12 janvier 2019

    "Quel est le réel coût d’un véhicule hybride ?"

    Les gestionnaires de flottes d’entreprises se posent tous la même question : « quelles énergies privilégier pour les années à venir ? » Si les hésitations restent nombreuses, une chose est sûre en tout cas, le choix du tout diesel a fait son temps. Une bonne nouvelle pour la planète, et pour chacun d’entre nous !

    Adieu diesel ?

    Sur le marché des entreprises la part du diesel atteignait jusqu’à ces derniers mois plus de 85%. Mais aujourd’hui, et l’on ne peut que s’en réjouir, les commandes de véhicules à énergies alternatives (1) progressent rapidement. Une évolution appréciable, tendant vers un équilibre vertueux : selon les prévisions de l’UFIP (Union Française des Industries Pétrolières), le marché automobile (particuliers et entreprises) pourrait à l’horizon 2030 se diviser en trois : un tiers d’hybride, un tiers de diesel, un tiers d’essence. Un ratio en lien avec l’objectif de réduction de 30 % de la consommation d’énergie fossile fixée par la Loi pour la transition énergétique.

    Un TCO hybride concurrentiel

    Mais cette évolution sera peut-être plus rapide si le TCO (Total Cost of Ownership / Coût Total de Détention) des véhicules à énergies alternatives suit. Jusqu’à ces derniers mois, la question ne se posait même pas : le diesel -porté par un régime fiscal très favorable- représentait « la » solution.

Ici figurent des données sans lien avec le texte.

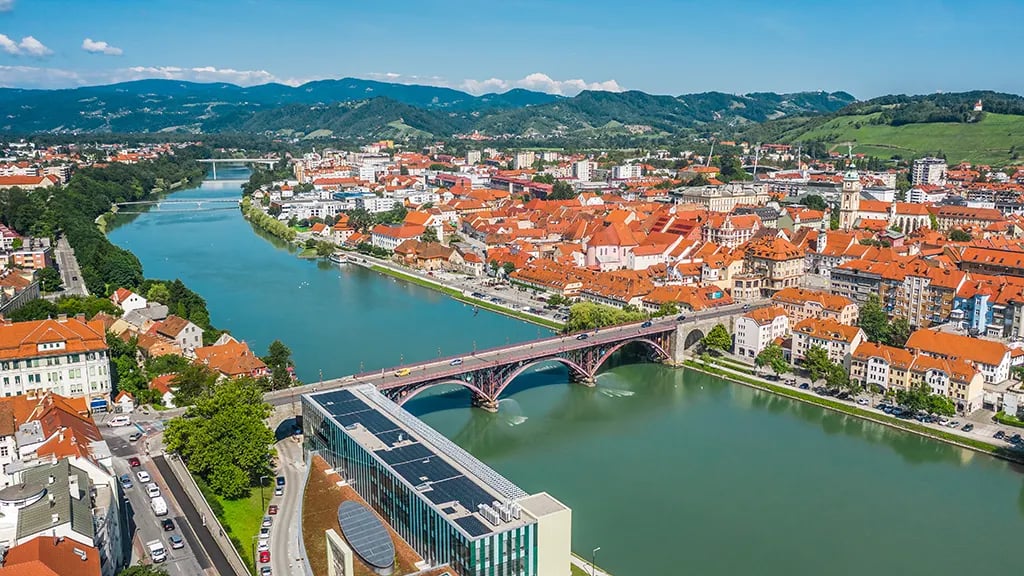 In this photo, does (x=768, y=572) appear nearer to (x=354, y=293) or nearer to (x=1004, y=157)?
(x=354, y=293)

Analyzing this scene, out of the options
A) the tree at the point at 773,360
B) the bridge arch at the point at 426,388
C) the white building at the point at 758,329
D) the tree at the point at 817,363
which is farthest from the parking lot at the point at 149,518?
the white building at the point at 758,329

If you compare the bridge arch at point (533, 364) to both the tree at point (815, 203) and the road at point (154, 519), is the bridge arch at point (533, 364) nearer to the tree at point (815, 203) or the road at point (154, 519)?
the road at point (154, 519)

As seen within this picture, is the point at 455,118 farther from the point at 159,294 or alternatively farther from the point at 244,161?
the point at 159,294

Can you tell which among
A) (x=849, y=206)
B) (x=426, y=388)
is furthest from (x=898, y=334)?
(x=849, y=206)

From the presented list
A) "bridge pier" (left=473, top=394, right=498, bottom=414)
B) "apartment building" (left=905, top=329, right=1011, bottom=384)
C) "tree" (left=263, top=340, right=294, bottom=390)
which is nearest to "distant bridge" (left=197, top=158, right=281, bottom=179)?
"tree" (left=263, top=340, right=294, bottom=390)

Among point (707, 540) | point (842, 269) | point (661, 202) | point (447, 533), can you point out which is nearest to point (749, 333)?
point (842, 269)

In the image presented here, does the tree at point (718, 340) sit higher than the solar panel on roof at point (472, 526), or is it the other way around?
the solar panel on roof at point (472, 526) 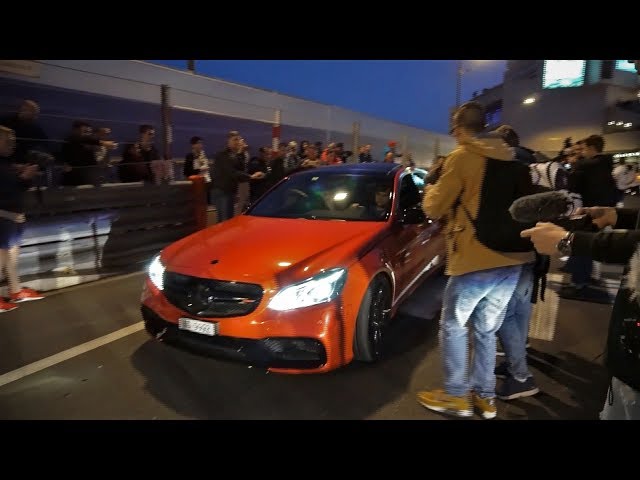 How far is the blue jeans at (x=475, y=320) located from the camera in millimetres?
2664

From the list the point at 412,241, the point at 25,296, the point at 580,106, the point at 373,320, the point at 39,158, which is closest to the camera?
the point at 373,320

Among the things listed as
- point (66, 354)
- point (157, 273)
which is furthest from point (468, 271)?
point (66, 354)

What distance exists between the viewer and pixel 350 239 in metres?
3.44

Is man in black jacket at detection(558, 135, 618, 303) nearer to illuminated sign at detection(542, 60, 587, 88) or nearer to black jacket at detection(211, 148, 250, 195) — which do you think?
black jacket at detection(211, 148, 250, 195)

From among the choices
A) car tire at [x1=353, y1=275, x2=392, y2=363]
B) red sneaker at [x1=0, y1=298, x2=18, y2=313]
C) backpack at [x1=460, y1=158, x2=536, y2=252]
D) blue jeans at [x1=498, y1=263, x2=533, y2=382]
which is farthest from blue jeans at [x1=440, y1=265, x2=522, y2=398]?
red sneaker at [x1=0, y1=298, x2=18, y2=313]

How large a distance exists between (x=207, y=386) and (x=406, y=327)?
A: 1960 mm

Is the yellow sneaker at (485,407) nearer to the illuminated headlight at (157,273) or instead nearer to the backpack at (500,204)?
the backpack at (500,204)

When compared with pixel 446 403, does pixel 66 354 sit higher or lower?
lower

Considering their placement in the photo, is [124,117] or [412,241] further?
[124,117]

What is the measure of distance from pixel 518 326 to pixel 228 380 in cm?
207

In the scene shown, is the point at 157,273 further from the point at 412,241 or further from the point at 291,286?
the point at 412,241

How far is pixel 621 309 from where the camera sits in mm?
1720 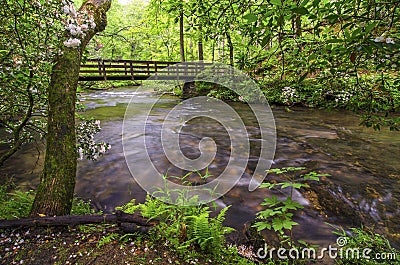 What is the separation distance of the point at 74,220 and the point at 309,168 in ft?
16.5

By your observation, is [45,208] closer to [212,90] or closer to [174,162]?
[174,162]

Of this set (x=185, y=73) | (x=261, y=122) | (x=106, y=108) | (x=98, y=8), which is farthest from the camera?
(x=185, y=73)

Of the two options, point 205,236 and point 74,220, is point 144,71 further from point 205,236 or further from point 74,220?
point 205,236

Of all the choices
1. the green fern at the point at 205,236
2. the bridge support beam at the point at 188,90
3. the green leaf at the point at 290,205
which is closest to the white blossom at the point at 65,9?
the green fern at the point at 205,236

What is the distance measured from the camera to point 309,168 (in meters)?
5.62

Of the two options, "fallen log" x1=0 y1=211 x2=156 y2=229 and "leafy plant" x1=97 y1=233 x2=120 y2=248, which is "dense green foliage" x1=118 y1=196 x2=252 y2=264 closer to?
"fallen log" x1=0 y1=211 x2=156 y2=229

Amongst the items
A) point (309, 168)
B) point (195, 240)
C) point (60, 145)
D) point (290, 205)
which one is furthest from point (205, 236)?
point (309, 168)

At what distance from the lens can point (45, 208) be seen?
8.41 ft

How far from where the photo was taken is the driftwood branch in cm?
239

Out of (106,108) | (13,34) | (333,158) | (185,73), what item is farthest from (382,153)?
(185,73)

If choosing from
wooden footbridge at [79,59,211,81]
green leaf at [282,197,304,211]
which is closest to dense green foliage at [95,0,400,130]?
green leaf at [282,197,304,211]

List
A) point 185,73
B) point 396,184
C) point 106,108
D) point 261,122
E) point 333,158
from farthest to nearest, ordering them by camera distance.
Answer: point 185,73
point 106,108
point 261,122
point 333,158
point 396,184

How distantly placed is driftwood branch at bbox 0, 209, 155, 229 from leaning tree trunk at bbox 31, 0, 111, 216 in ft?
0.50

Mais le rééquilibrage entre les différentes énergies, acté par nos gouvernants, change la donne. Une étude publiée récemment par le magazine Que Choisir (2) révéle que le TCO, qui intègre l’ensemble des coûts supportés par le détenteur d’un véhicule, devient plus favorable aux véhicules hybrides et électriques. Malgré un prix d’achat plus élevé, ces derniers s’avèrent plus économiques que les véhicules classiques dès 4 ans d’utilisations.

     

     

    TCO singulier ou pluriel ?

    Indicateur incontournable, le TCO permet de calculer le coût d’usage prévisionnel d’un véhicule en fonction d’éléments connus ou évalués au départ. Mais à ce TCO véhicule vient aujourd’hui se greffer le TCO conducteur, qui reflète le comportement de la personne au volant (consommation, entretien, sinistralité,…) et peut majorer de 20 à 50 % le TCO véhicule. S’ajoute également dans les grandes entreprises, le TCO Flotte, qui intègre en plus les coûts administratifs et les moyens consacrés à la gestion du parc de véhicules. Vous ne vous sentez pas concerné ? Erreur, quelle que soit la taille de votre parc, l’analyse d’un TCO permet de comparer différents modèles sur des bases justes et complètes. Et aide à faire le bon choix.

    A vous de décider

    Justement, quel choix ?  Avec un coût d’usage plus faible, un entretien moins onéreux, une fiscalité avantageuse et une valeur de revente plus élevée que celle d’un véhicule classique, la décision semble s’imposer d’elle-même. Surtout si vos activités professionnelles vous amènent à beaucoup rouler en ville, le surcoût à l’achat sera vite compensé. Mais c’est à vous de décider !

     

    (1) Les motorisations alternatives ont toutes progressé en 2018, à commencer par les hybrides non rechargeables : +31,8% pour 4,2% de parts de marché. Toyota, totalise à lui seul plus de 70% de ce marché avec des modèles qui occupent la tête des ventes : Yaris (+31%), Auris (+24%) et Rav4 (+21%).

    (2) L’étude technique sur le coût de détention a été réalisée par un cabinet indépendant (Elementary Energy) et financée par la fondation European Climate Foundation (ECF).